Sylvan Lake is a town in central Alberta, Canada. It is located west of the City of Red Deer along Highway 11 or Highway 11A. It is situated on the southeast edge of Sylvan Lake, a long freshwater lake, in Red Deer County.
The lake is a popular destination for tourists from around Alberta, with over 1.5 million visitors each year. Popular tourist activities include sunbathing, swimming, water-skiing, and visiting the local Wild Rapids Waterslides. Camp Woods in Sylvan Lake played to the 12th Canadian Scout Jamboree in July 2013.
Sylvan Lake was originally settled by French speaking immigrants from Quebec and the United States. Arriving in 1898 from Michigan, Alexandre Loiselle and his family homesteaded the quarter section that later became the west side of today's Main (50th) Street and the businesses and homes immediately to the west.
Farming quickly became a mainstay in the area and in 1923 an Alberta Pacific grain elevator was built on the CPR line immediately north of what is now Cottonwood Estates. The elevator was torn down in the 1970s and the CPR line was abandoned in 1980 and removed. Since then, the right of way has survived as a natural area and walking path through Sylvan Lake.
Elevators were also constructed along the CN line and were used by local farmers in the mid-century decades. They were torn down in the late 1990s.
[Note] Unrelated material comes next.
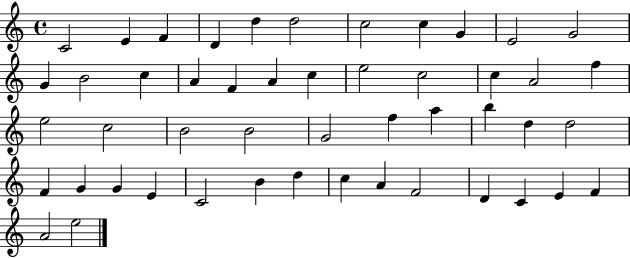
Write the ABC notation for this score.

Even prior to the building of the railways, Sylvan Lake was becoming a summer resort for families in Red Deer. With the coming of the trains, "the Lake" became a favourite of families from both Edmonton and Calgary. The summer visitors camped in tents, but soon the "Cottage Area" east of 46 Street and in "Lower Camp" on the southeast shore began to fill with summer cottages. In the 1930s and 1940s people began arriving by car and the areas around Norglenwold, Sylvan Lake Provincial Park and Jarvis Bay Provincial Park began to fill up with summer visitors.
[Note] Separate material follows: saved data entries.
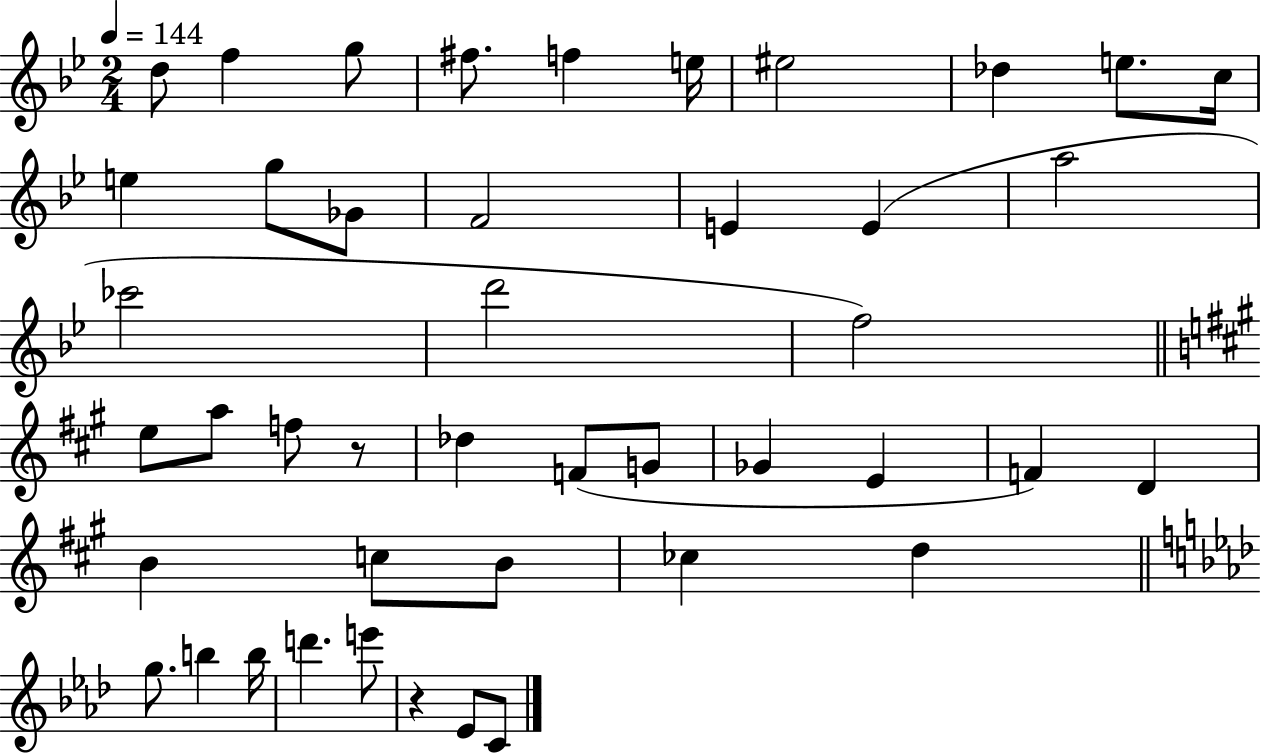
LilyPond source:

{
  \clef treble
  \numericTimeSignature
  \time 2/4
  \key bes \major
  \tempo 4 = 144
  d''8 f''4 g''8 | fis''8. f''4 e''16 | eis''2 | des''4 e''8. c''16 | \break e''4 g''8 ges'8 | f'2 | e'4 e'4( | a''2 | \break ces'''2 | d'''2 | f''2) | \bar "||" \break \key a \major e''8 a''8 f''8 r8 | des''4 f'8( g'8 | ges'4 e'4 | f'4) d'4 | \break b'4 c''8 b'8 | ces''4 d''4 | \bar "||" \break \key aes \major g''8. b''4 b''16 | d'''4. e'''8 | r4 ees'8 c'8 | \bar "|."
}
The influx of summer residents and visitors also brought businesses and services that catered to the ever increasing number of tourists. In 1913, the first motor launch took paying passengers on tours around the lake. A large boathouse was constructed in 1926, allowing visitors to rent a boat, canoe, swimsuit, or buy ice cream, pop and other items necessary to a summer day at the lake. Regattas were held on the lake for a number of years beginning in 1923.
In 1928, the Dominion Government, assisted by the Sylvan Lake Women's Institute (WI), built the long pier that jutted out into the lake from the bottom of Main Street. This pier was connected to the earlier WI Pier and formed a square area used for swimming and mooring boats. The first "waterslide" at Sylvan Lake was part of this facility. The piers were prone to ice damage over the winter and were replaced by the existing "landfill" that now hosts beach volleyball tournaments, dragon boat racingand the lake tour on the "Zoo Cruise".
In 1983, the original waterslide was replaced by the Wild Rapids Waterslide, which is the largest facility of its kind in western Canada.
Another byproduct of losing the piers and later the government boat launch was the construction of the Sylvan Lake Marina, home of many of the permanent boats on the lake, boating facilities, and the Sylvan Lake lighthouse.